Only a few dogs are inside this morning—comfort-seeking pups such as the delicate tan-and-white 14-year-old Husky curled up in the crook of the couch. Ten years ago, this sled dog was saved by one of Isacsson’s friends, who came across her as she was being beaten by a musher while she was still harnessed to the team. Isacsson has asked me not to use the dog’s name for fear the incident will be linked to that high-profile musher even today. Many of her dogs are here because they have troubled histories associated with mushing (from the stress of life on a chain to physical abuse, neglect or simply having been dumped), but she is careful about criticizing neighbors and friends.
Instead, she offers an alternative that is part rescue and part example. Since the early 1990s, Isacsson has lived with both her own and rejected dogs, as few as eight and as many as 30 or more, in as close an approximation of a natural pack as she can manage. She believes that by integrating them into the group, the often mistreated, last-chance dogs can be restored to a state of physical and mental health, and some day, thrive as companion animals in her home or with others. Her well-mannered crew testifies to the success of her method.
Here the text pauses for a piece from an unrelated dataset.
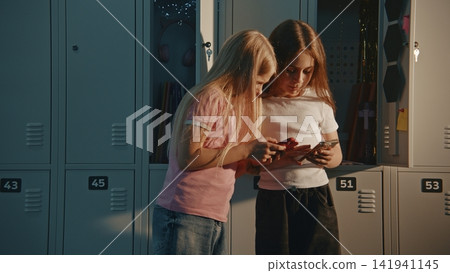 Two Girls by Metal Lockers in Sunlit School Hallway, Both Engrossed in Own Smartphones Two Girls by Metal Lockers in Sunlit School Hallway, Both Engrossed in Own Smartphones 141941145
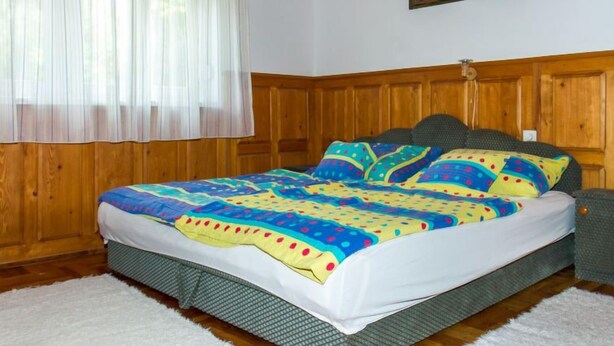 Une chambre à coucher avec une tête de lit en bois, une couvre-lit aux couleurs vives et un tableau accroché au mur.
Dogs trickle in and out while we get ready for a hike. As she prepares breakfast and cleans up, they seem to visit with her and each other. “They need a social landscape,” Isacsson explains. “The experience of gnawing and grooming together satisfies something in their limbic system. It’s as important as food and shelter.”
Elaj (pronounced Ely), an Australian Shepherd who looks out of place among the mostly Husky mixes, climbs into Isacsson’s lap when she sits down. While she is a key component in his universe, she points to the pack as the active agent.
“I’m the camp counselor. I call the shots. But it’s the group that heals the dog. I just reinforce it. I allow for it,” she says. “I credit the success of rehabilitation and restoration of these often compromised dogs to the powerful healing dynamics that exist within the family pack structure. Many less desirable behaviors are simply being replaced by constructive peer influences and by just being allowed to live life as a dog where there are clear pack boundaries.”